- **Activity**
Start at the line that contains "Tapis intérieur ATTICGO". Repeat it and each line after it, exactly, up to and including the final line of the data.

----

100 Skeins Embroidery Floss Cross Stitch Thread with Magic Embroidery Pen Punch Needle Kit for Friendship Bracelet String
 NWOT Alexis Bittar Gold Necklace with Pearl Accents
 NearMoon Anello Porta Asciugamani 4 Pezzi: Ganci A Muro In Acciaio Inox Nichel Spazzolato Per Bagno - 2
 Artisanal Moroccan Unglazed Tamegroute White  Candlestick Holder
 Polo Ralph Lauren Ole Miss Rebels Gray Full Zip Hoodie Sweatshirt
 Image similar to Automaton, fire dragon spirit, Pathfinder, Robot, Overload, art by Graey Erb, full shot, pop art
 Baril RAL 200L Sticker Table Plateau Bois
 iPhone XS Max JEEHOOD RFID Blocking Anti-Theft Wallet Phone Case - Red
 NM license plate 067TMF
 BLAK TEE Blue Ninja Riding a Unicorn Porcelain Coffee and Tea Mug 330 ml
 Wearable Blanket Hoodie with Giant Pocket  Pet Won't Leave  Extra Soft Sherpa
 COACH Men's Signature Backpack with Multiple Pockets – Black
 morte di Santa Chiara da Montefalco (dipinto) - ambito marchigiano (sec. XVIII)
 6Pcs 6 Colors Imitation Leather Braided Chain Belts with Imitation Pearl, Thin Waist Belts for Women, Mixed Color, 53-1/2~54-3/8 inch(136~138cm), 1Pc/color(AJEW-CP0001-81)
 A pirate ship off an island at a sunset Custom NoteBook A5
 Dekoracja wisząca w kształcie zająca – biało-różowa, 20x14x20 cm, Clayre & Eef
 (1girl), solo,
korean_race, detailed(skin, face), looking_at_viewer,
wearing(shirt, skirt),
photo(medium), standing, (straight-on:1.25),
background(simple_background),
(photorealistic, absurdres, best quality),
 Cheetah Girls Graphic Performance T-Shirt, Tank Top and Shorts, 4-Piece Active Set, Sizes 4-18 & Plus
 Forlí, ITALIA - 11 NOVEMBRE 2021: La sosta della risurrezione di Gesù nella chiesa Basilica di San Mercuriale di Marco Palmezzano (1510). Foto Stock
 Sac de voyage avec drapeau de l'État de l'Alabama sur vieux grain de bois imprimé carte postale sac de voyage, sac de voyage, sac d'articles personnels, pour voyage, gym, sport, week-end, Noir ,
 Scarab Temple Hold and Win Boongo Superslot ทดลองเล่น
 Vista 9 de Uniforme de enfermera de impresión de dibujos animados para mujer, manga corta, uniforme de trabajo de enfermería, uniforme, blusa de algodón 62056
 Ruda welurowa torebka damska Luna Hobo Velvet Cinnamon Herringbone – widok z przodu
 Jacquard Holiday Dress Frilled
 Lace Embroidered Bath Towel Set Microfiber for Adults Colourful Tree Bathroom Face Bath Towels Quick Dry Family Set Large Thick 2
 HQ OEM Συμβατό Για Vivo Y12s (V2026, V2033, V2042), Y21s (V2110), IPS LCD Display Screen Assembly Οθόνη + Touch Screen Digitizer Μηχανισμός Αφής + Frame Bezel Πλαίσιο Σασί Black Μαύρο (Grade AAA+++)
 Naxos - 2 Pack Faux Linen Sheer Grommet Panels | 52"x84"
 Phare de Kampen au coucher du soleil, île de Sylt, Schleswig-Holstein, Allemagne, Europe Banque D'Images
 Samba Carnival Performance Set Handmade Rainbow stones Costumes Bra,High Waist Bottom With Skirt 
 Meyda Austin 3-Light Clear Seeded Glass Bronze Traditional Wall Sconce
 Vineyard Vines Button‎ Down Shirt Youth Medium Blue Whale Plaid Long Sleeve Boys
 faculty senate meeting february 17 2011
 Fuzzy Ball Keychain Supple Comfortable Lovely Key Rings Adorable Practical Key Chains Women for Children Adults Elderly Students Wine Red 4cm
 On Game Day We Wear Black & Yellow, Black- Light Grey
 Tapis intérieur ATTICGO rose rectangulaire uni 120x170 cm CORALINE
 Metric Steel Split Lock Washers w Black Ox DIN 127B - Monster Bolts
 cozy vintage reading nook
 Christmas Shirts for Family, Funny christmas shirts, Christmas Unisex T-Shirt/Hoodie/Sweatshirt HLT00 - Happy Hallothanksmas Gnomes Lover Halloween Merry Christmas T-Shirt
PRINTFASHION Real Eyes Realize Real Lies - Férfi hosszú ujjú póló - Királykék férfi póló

----

- **Result below**
 Tapis intérieur ATTICGO rose rectangulaire uni 120x170 cm CORALINE
 Metric Steel Split Lock Washers w Black Ox DIN 127B - Monster Bolts
 cozy vintage reading nook
 Christmas Shirts for Family, Funny christmas shirts, Christmas Unisex T-Shirt/Hoodie/Sweatshirt HLT00 - Happy Hallothanksmas Gnomes Lover Halloween Merry Christmas T-Shirt
PRINTFASHION Real Eyes Realize Real Lies - Férfi hosszú ujjú póló - Királykék férfi póló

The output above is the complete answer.